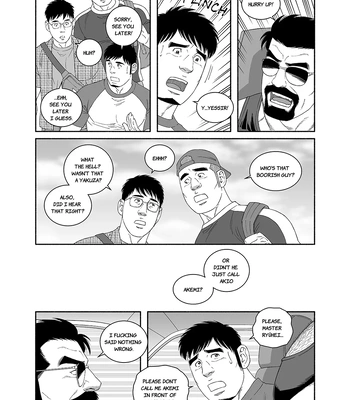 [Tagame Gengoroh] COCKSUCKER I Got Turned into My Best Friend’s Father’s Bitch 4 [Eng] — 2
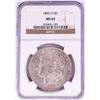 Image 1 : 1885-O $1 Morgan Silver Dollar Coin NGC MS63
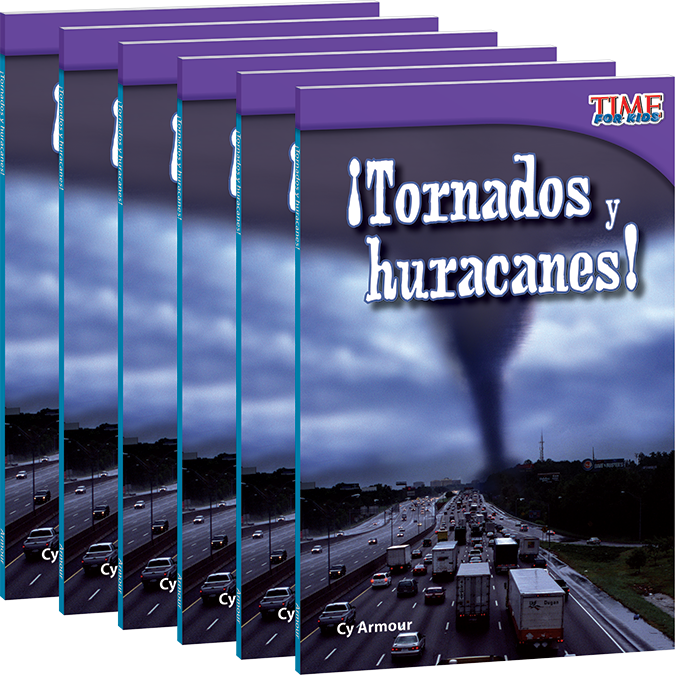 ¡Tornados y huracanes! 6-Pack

★ ★ ★ ★ ★

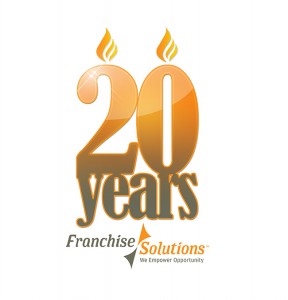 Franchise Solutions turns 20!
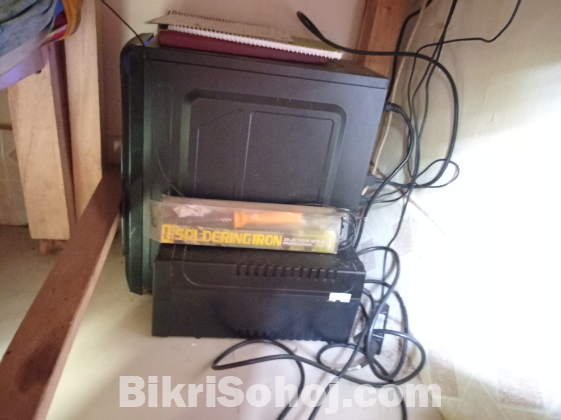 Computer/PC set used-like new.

★ ★ ★ ★ ★

» **Exercise prompt**:
The lines to reproduce run from the one above containing "[Tagame Gengoroh] COCKSUCKER" through the one containing "y huracanes! 6-Pack". Copy them exactly and leave out all pictures.

» **Exercise solution**:
 [Tagame Gengoroh] COCKSUCKER I Got Turned into My Best Friend’s Father’s Bitch 4 [Eng] — 2
 Image 1 : 1885-O $1 Morgan Silver Dollar Coin NGC MS63
 ¡Tornados y huracanes! 6-Pack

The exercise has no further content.